We are resolved that to the rabbis the Word of God, through the Torah and its prophets, is inviolable. This also is reflected in the Thirteen Principals of Maimonides, Sa'adiah Gaon, and other great Jewish leaders, too numerous to mention here. All further agree that Israel is the First fruits of the Lord's Increase. This comes from Jeremiah:
Jeremiah 2.3 Israel is sacredness unto the Lord, the first-fruits of his increase.
Martin Buber, in his work On Zion, adds to this view:
The world is God's field, the peoples His plantation, Israel his First-Fruits. Just as the tree offers him the giver of the land, the first-fruits every year, so Israel must offer itself to Him as the first-fruits of his World Harvest.

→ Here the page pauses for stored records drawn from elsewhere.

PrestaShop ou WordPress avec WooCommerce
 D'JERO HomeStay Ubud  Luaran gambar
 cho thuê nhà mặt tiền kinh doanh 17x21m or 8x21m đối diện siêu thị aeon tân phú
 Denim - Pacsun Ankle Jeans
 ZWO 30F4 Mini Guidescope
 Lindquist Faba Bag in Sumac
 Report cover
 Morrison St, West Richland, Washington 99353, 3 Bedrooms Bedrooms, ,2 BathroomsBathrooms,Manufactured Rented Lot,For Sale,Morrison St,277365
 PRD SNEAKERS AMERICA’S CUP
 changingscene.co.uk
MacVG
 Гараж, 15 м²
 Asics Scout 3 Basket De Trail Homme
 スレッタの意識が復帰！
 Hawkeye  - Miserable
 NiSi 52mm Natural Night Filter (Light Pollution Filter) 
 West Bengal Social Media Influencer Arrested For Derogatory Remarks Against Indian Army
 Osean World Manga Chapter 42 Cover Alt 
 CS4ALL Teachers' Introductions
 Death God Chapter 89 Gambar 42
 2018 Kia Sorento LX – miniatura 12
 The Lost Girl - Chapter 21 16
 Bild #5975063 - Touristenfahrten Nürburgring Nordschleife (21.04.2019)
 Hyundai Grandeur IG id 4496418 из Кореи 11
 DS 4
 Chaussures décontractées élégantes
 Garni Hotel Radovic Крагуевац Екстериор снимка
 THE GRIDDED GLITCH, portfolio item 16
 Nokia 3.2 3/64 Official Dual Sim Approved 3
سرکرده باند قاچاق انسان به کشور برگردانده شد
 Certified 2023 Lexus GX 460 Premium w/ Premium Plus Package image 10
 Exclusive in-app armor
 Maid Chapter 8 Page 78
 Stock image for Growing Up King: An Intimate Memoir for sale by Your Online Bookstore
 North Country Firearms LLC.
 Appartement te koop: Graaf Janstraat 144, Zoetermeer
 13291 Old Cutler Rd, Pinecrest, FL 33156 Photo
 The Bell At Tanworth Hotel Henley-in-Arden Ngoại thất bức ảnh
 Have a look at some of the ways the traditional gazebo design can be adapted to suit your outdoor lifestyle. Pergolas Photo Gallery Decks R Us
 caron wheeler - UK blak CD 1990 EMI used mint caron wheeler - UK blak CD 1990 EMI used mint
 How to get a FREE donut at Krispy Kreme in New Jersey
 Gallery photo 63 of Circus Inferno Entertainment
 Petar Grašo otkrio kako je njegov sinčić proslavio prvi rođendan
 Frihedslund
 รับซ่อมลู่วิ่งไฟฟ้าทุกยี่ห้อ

We are resolved that the Day of Redemption is viewed by the rabbis as the day of the Righteous, the just, and the honest. S. R. Hirsch, commenting on The dangers of updating Judaism, during the early Zionist movement, said:
It is the very same Rabbis, so often disparaged for their alleged particularism, who point out that when the prophets and poets predict a glorious new day for humanity they say nothing about priests, Levites, and Israelites, but speak only of 'the righteous,' 'the just,' and the 'honest,' and so the righteous, the just and the honest of all peoples are included in the most glorious blessing. And in the darkest hours when the frenzied mob destroyed the Jewish synagogues and tore up the Jewish books, the persecuted, derided Jew was always turned to his God and consoled himself by looking forward to the time when even this frenzy would disappear and the name of the one and only God would have implanted justice, truth and peace in every human breast.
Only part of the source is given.